I agree that there’s much “Flash isn’t accessible” talk out there. Even though screenreader support has been there since the early part of this decade, few seem to know this. (There’s also the shifting definition of the term “accessible” which fosters such conversations, and “it’s not accessible because it’s not on my blackberry” is coming up more lately.)
Before last week there was a similar “Flash isn’t searchable” trend in discussion, although it seems like this week’s news did penetrate into common awareness.
“part of the problem is that accessibility isn’t enabled by default”
It’s true it does require special attention to produce optimized speech-only versions of a richer experience… the default text-to-speech procedures help a little, but it does take additional attention to satisfy minority audiences (whether low-visual, or motor skills, or language or cognitive differences, etc).
This paragraph from the whitepaper does indeed seem costly:
“It is extremely important that rich Internet applications created with Flex be evaluated in a way that includes more than conformance with a set of standards. For Flex applications to be considered accessible, they should be evaluated against a series of use cases that include people with disabilities. Just as designers frequently preview content in a variety of browsers and across operating systems, developers must preview content under the conditions of these use cases. Many find this to be the greatest challenge of accessible design with Flex, particularly in use cases that include screen readers, as developers tend to be visually oriented.”
http://www.adobe.com/accessibility/products/flex/best_practices.html
(The BBC article has a followup, and it sounds like progress will be made on the project.)

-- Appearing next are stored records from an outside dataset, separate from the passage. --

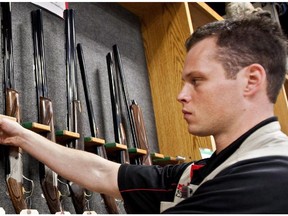 Patrick Deegan, a senior range officer, displays long guns at a gun store in Calgary, Wednesday, Sept. 15, 2010.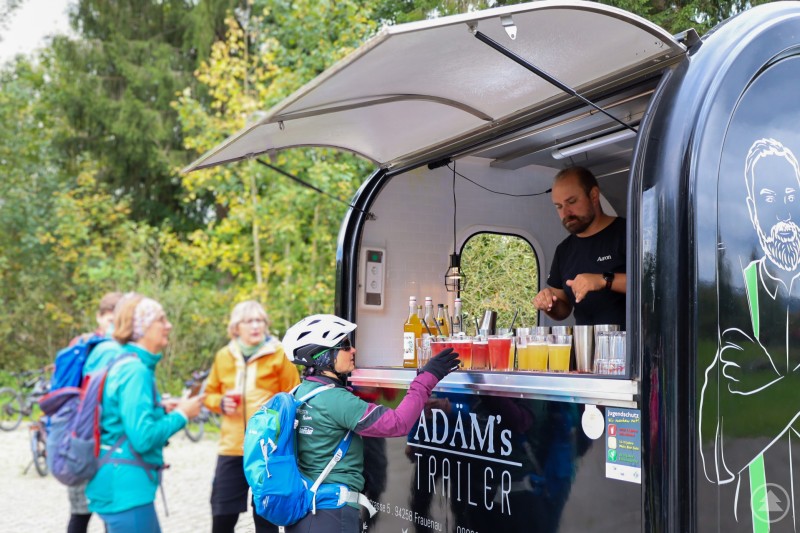 Überraschung auf der Strecke: Die „Cocktailerie Ädäm’s“ versorgte die Radler mit fruchtigen Drinks. Ein Mann bereitet bunte Getränke in einem mobilen Cocktailtrailer zu, während Radfahrerinnen in Sportkleidung ihre Getränke entgegennehmen.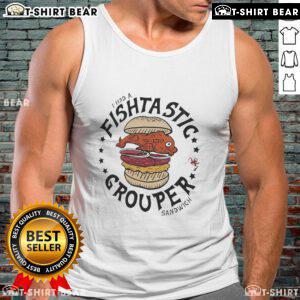 Fan wearing a 'Flavortown' tank top enjoying a grouper sandwich at a Tampa Bay Buccaneers game.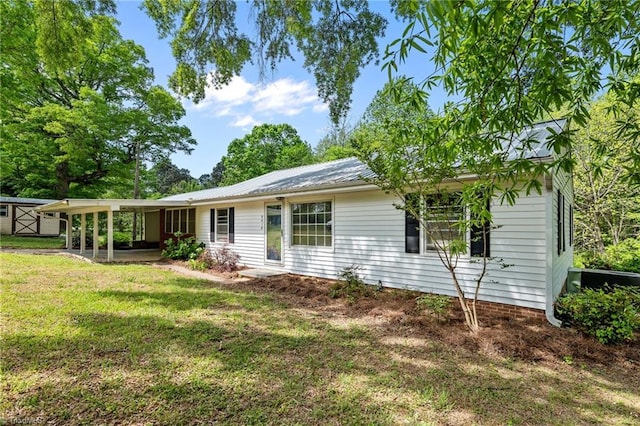 rear view of house featuring an outbuilding, a yard, a patio, metal roof, and a storage unit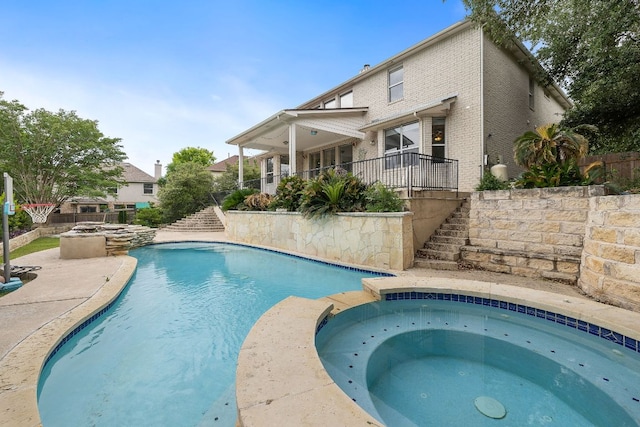 3805 Durnberry Ln, Round Rock, TX 78664 - view of pool with stairs, a pool with connected hot tub, and a patio area
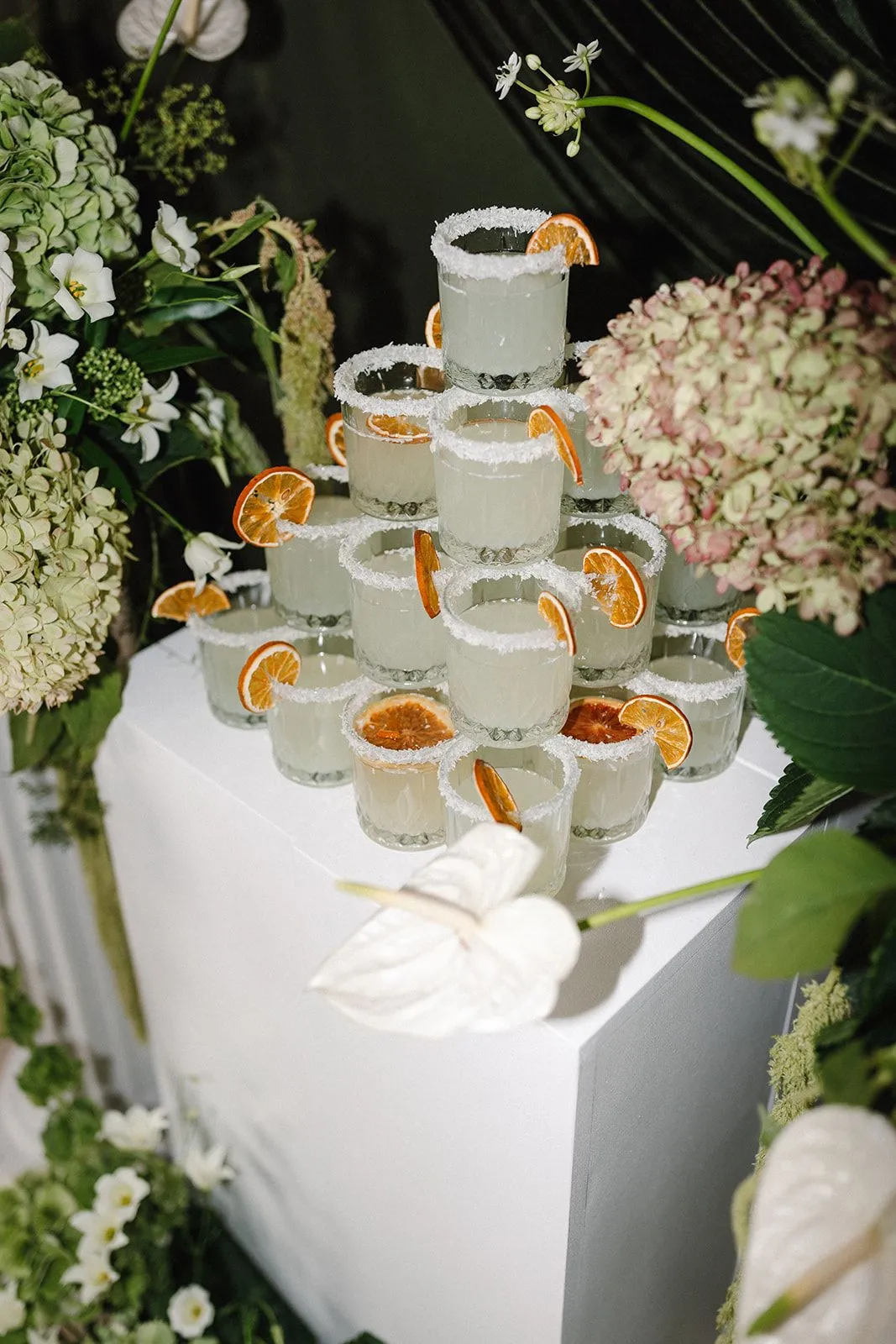 Pyramid of salt-rimmed cocktail shooters garnished with dried orange slices among hydrangeas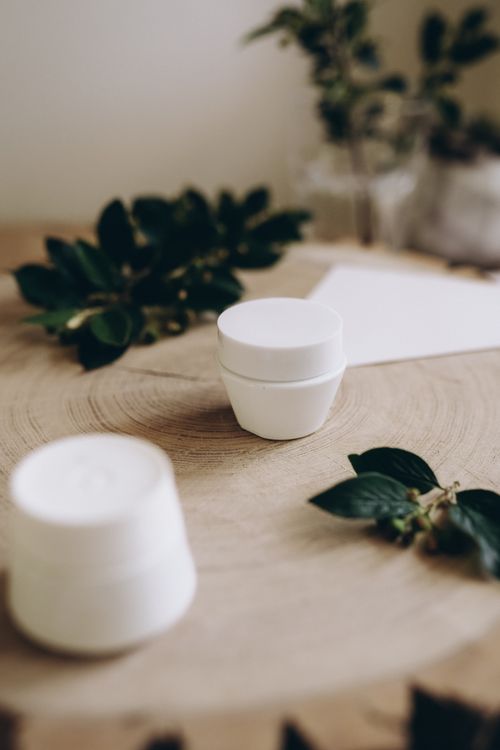 Free Simple still life featuring white containers on a wooden surface with green leaves. Stock Photo
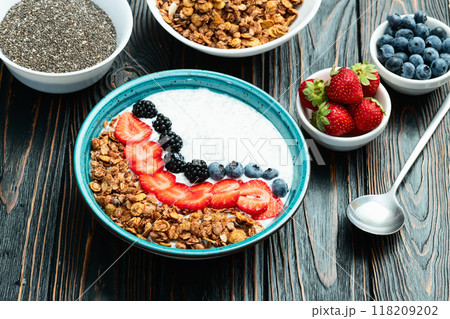 Healthy breakfast . Yogurt with berries ( strawberry , raspberry , blueberry , blackberry ) , granola and chia seeds . Top view Healthy breakfast . Yogurt with berries ( strawberry , raspberry , blueberry , blackberry ) , granola and chia seeds . Top view 118209202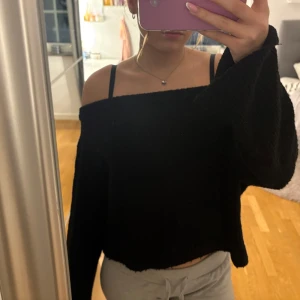 Svart offshoulder tröja - Säljer en svart offshoulder tröja med en croppad design. Tröjan har långa ärmar som går ut lite längre ner och har en bekväm passform. 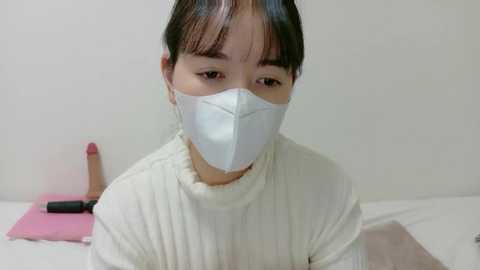 Video of a young East Asian woman with dark hair, wearing a white face mask, light sweater, and seated on a white bed with a pink pillow.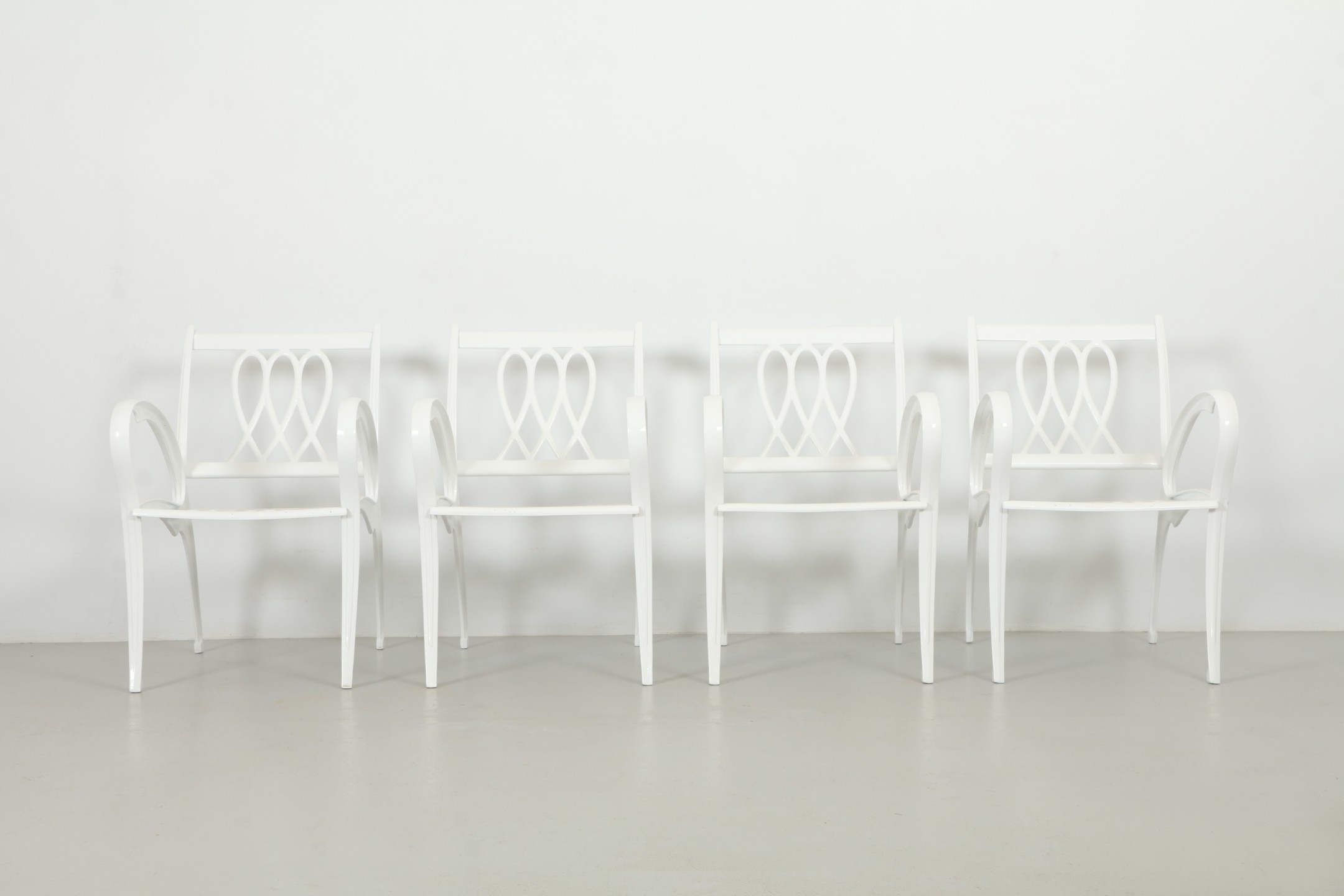 Four Sculptural Hunter Douglas Aluminium Outdoor Chairs by Flexalum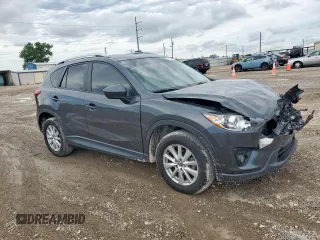 2014 Mazda CX-5 Touring z VIN JM3KE2CY7E0308580, wystawiony jako Copart lot #60565835 z przebiegiem 92 708 mil mil oraz Szkoda całkowita • Salvage title. Historia ofert i sprzedaży dostępna na DreamBid. Obrazek 4.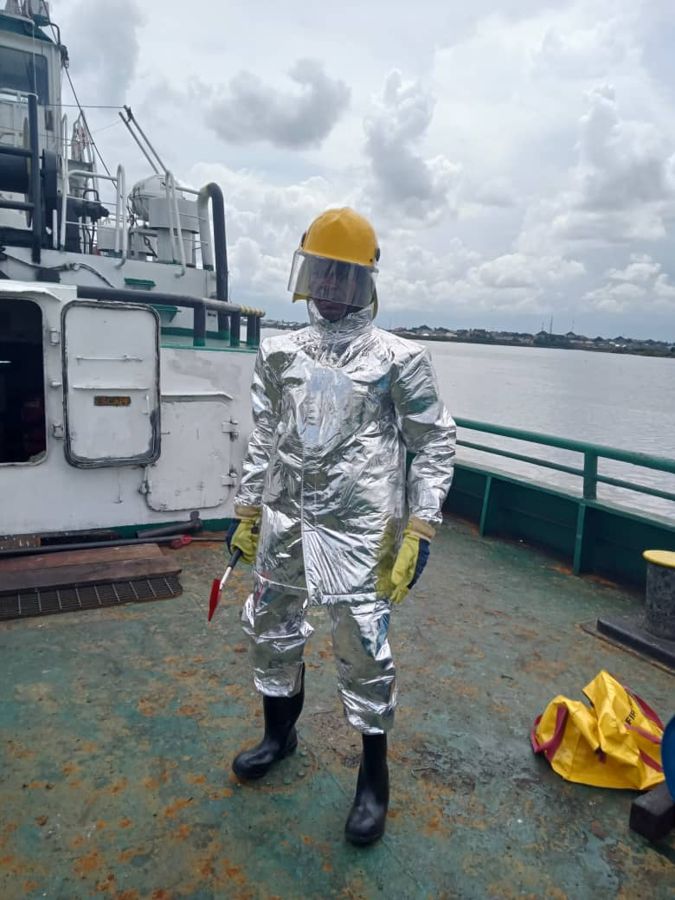 A crew member in a silver fire-protection suit and helmet on deck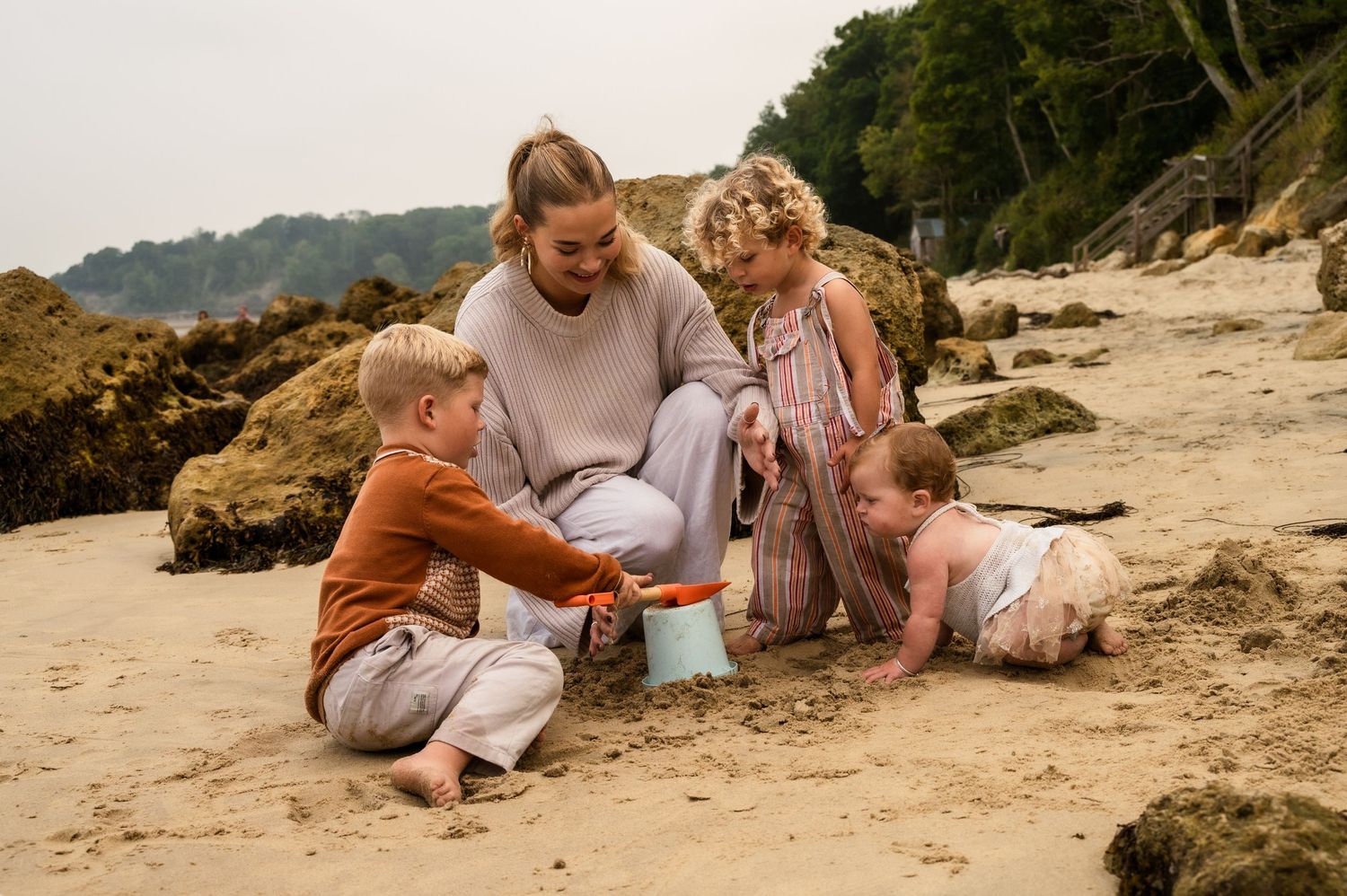 Family enjoys beach time together while playing with bucket on sandy shore near rocky coastline.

“I’d like Flash to obey the browser ‘Increase text size’ command.”
I agree that that would be nice. I don’t know of any browsers which yet expose this event to plugins. I’ve seen a few SWF which offer resizable text through other interface conventions, but many are still unfortunately designed for only a single fixed resolution.
For me, the big thing I think of with “accessibility” is in actually making the key ideas accessible, easy to understand, for a diverse range of audiences. That’s work. Setting up incentives to do that extra work seems a tricky problem….
jd/adobe
05 Jul 2008, 20:09
Flüge Thailand
Very well then, I really like your suggestions and your thoughts, but whether it´ll work is writen on an other paper.
26 Aug 2008, 12:46
Airline Bewerten
There is I think, one thing left to do at the moment, the final hurdle as I see it – accessibility. It’s kind of in there, but if Adobe could make Flash and Flex as accessible as a typical web page, or at least as easy to make accessible as a web page, it would remove the one last stick with which it gets beaten.
23 Oct 2008, 06:54
Add a comment
You are not allowed to comment on this entry as it has restricted commenting permissions.